» What the task asks:
Nothing in the records should be left out; transcribe them exactly.

### Supplied records ###

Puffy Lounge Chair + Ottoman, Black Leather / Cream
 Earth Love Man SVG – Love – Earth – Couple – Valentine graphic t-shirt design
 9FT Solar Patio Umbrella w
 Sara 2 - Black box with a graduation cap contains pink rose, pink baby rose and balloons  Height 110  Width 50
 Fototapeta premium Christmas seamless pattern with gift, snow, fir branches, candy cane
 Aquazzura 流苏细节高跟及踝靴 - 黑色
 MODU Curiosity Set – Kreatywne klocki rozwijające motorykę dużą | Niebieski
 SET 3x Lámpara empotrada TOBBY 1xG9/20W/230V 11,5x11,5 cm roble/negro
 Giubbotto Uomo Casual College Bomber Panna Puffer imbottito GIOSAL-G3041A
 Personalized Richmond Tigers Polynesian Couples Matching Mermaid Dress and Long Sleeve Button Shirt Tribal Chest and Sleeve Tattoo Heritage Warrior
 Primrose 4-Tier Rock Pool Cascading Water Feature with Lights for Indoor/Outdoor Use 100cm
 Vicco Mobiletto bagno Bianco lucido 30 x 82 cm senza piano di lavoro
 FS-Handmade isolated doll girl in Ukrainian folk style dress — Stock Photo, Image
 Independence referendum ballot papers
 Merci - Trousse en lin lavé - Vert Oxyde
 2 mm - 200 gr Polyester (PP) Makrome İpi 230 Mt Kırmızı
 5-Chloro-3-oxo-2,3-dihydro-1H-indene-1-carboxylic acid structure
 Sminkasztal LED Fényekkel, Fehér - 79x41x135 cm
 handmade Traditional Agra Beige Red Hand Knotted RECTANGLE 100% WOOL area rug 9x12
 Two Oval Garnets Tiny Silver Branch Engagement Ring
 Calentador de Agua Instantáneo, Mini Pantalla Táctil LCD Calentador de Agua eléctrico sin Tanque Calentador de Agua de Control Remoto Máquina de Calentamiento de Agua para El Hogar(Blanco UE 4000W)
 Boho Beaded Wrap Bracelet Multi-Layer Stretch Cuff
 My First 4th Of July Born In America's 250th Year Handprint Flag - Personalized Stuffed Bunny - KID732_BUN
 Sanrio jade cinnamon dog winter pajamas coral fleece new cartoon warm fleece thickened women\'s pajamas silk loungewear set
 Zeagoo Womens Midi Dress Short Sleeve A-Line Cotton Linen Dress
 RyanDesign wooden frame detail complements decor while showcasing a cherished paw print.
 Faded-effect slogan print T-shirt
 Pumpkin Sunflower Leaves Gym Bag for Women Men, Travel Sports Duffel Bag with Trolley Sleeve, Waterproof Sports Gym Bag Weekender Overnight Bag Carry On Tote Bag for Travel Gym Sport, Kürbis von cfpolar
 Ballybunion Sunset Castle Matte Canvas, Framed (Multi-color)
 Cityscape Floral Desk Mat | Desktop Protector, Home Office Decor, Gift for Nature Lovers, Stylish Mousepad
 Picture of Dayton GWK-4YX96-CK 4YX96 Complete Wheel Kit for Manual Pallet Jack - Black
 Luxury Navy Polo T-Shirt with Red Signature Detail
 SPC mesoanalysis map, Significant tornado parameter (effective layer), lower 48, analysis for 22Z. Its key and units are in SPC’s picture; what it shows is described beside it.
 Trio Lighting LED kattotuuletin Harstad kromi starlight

###

» Written answer:
Puffy Lounge Chair + Ottoman, Black Leather / Cream
 Earth Love Man SVG – Love – Earth – Couple – Valentine graphic t-shirt design
 9FT Solar Patio Umbrella w
 Sara 2 - Black box with a graduation cap contains pink rose, pink baby rose and balloons  Height 110  Width 50
 Fototapeta premium Christmas seamless pattern with gift, snow, fir branches, candy cane
 Aquazzura 流苏细节高跟及踝靴 - 黑色
 MODU Curiosity Set – Kreatywne klocki rozwijające motorykę dużą | Niebieski
 SET 3x Lámpara empotrada TOBBY 1xG9/20W/230V 11,5x11,5 cm roble/negro
 Giubbotto Uomo Casual College Bomber Panna Puffer imbottito GIOSAL-G3041A
 Personalized Richmond Tigers Polynesian Couples Matching Mermaid Dress and Long Sleeve Button Shirt Tribal Chest and Sleeve Tattoo Heritage Warrior
 Primrose 4-Tier Rock Pool Cascading Water Feature with Lights for Indoor/Outdoor Use 100cm
 Vicco Mobiletto bagno Bianco lucido 30 x 82 cm senza piano di lavoro
 FS-Handmade isolated doll girl in Ukrainian folk style dress — Stock Photo, Image
 Independence referendum ballot papers
 Merci - Trousse en lin lavé - Vert Oxyde
 2 mm - 200 gr Polyester (PP) Makrome İpi 230 Mt Kırmızı
 5-Chloro-3-oxo-2,3-dihydro-1H-indene-1-carboxylic acid structure
 Sminkasztal LED Fényekkel, Fehér - 79x41x135 cm
 handmade Traditional Agra Beige Red Hand Knotted RECTANGLE 100% WOOL area rug 9x12
 Two Oval Garnets Tiny Silver Branch Engagement Ring
 Calentador de Agua Instantáneo, Mini Pantalla Táctil LCD Calentador de Agua eléctrico sin Tanque Calentador de Agua de Control Remoto Máquina de Calentamiento de Agua para El Hogar(Blanco UE 4000W)
 Boho Beaded Wrap Bracelet Multi-Layer Stretch Cuff
 My First 4th Of July Born In America's 250th Year Handprint Flag - Personalized Stuffed Bunny - KID732_BUN
 Sanrio jade cinnamon dog winter pajamas coral fleece new cartoon warm fleece thickened women\'s pajamas silk loungewear set
 Zeagoo Womens Midi Dress Short Sleeve A-Line Cotton Linen Dress
 RyanDesign wooden frame detail complements decor while showcasing a cherished paw print.
 Faded-effect slogan print T-shirt
 Pumpkin Sunflower Leaves Gym Bag for Women Men, Travel Sports Duffel Bag with Trolley Sleeve, Waterproof Sports Gym Bag Weekender Overnight Bag Carry On Tote Bag for Travel Gym Sport, Kürbis von cfpolar
 Ballybunion Sunset Castle Matte Canvas, Framed (Multi-color)
 Cityscape Floral Desk Mat | Desktop Protector, Home Office Decor, Gift for Nature Lovers, Stylish Mousepad
 Picture of Dayton GWK-4YX96-CK 4YX96 Complete Wheel Kit for Manual Pallet Jack - Black
 Luxury Navy Polo T-Shirt with Red Signature Detail
 SPC mesoanalysis map, Significant tornado parameter (effective layer), lower 48, analysis for 22Z. Its key and units are in SPC’s picture; what it shows is described beside it.
 Trio Lighting LED kattotuuletin Harstad kromi starlight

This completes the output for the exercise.